Problem statement = Copy out the data in full and exactly, passing over the pictures.

Material provided =
"""

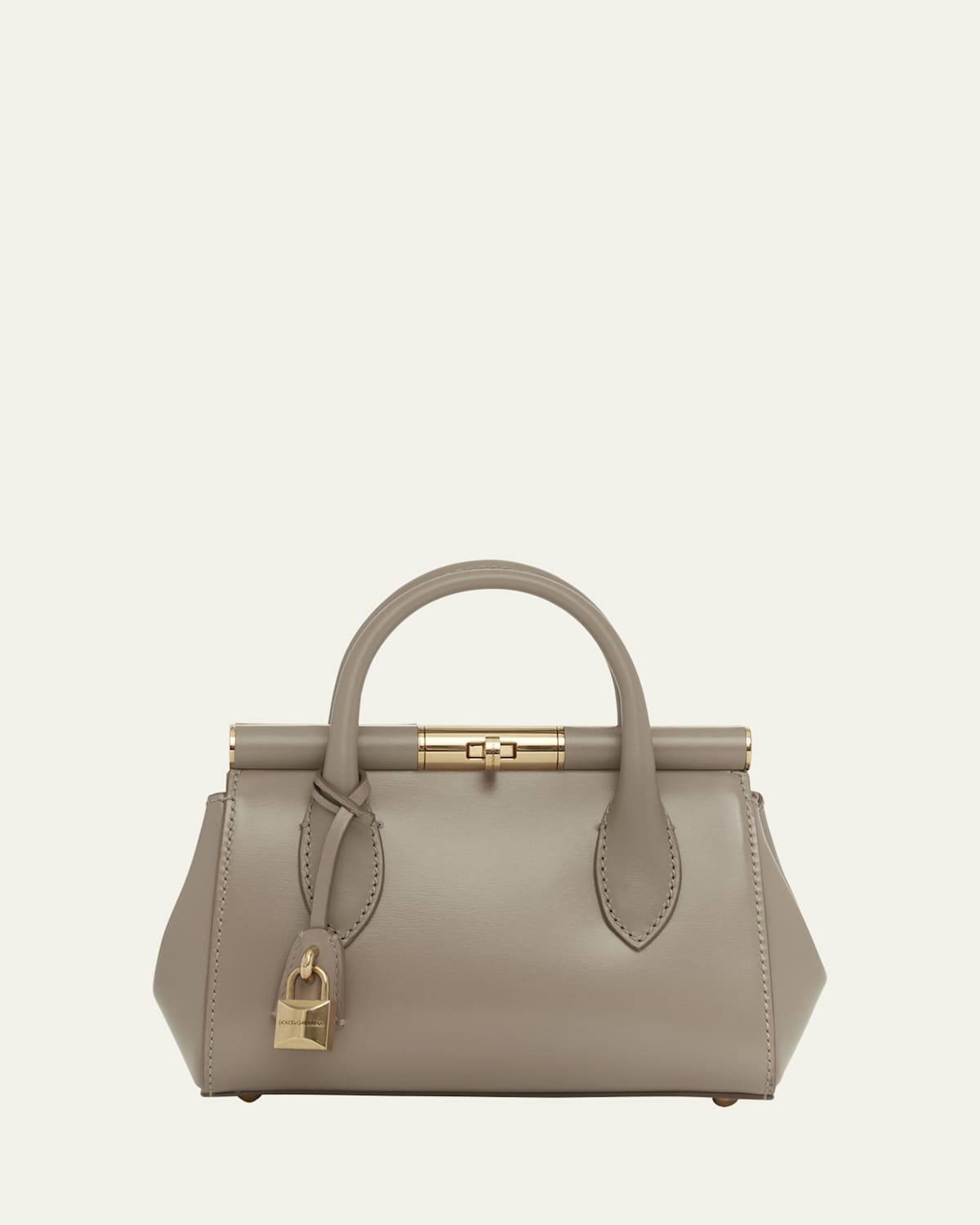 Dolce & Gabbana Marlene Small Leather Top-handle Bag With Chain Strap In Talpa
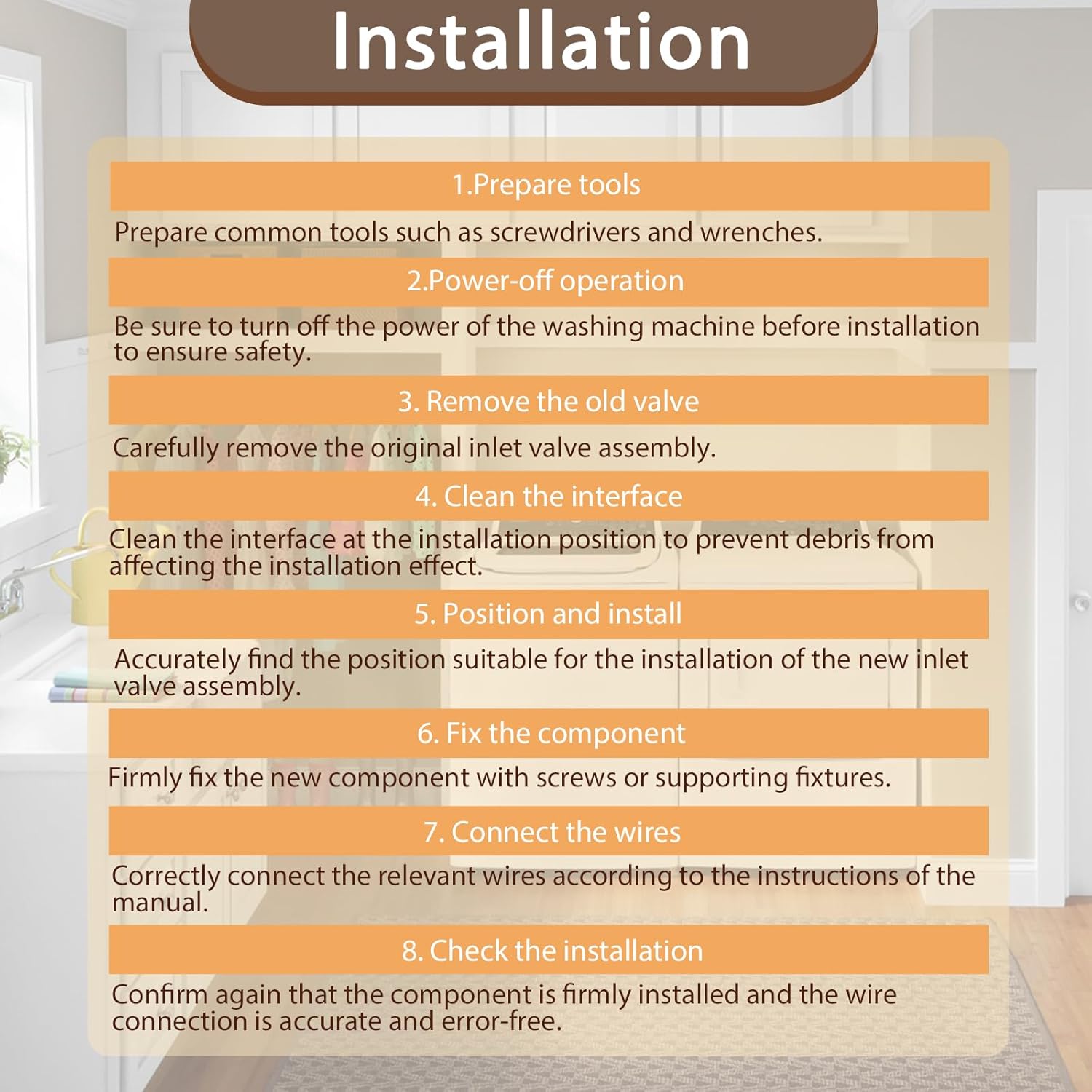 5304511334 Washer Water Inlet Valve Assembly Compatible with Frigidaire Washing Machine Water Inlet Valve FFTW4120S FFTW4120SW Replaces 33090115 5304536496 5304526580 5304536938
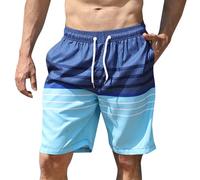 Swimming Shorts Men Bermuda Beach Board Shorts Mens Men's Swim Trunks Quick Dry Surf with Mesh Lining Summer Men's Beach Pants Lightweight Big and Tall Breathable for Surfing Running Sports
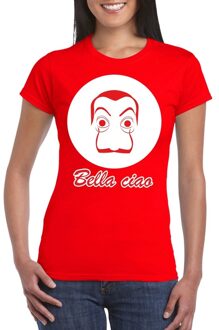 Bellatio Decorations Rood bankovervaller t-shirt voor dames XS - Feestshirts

"""

Written solution =
 Dolce & Gabbana Marlene Small Leather Top-handle Bag With Chain Strap In Talpa
 5304511334 Washer Water Inlet Valve Assembly Compatible with Frigidaire Washing Machine Water Inlet Valve FFTW4120S FFTW4120SW Replaces 33090115 5304536496 5304526580 5304536938
 Swimming Shorts Men Bermuda Beach Board Shorts Mens Men's Swim Trunks Quick Dry Surf with Mesh Lining Summer Men's Beach Pants Lightweight Big and Tall Breathable for Surfing Running Sports
 Bellatio Decorations Rood bankovervaller t-shirt voor dames XS - Feestshirts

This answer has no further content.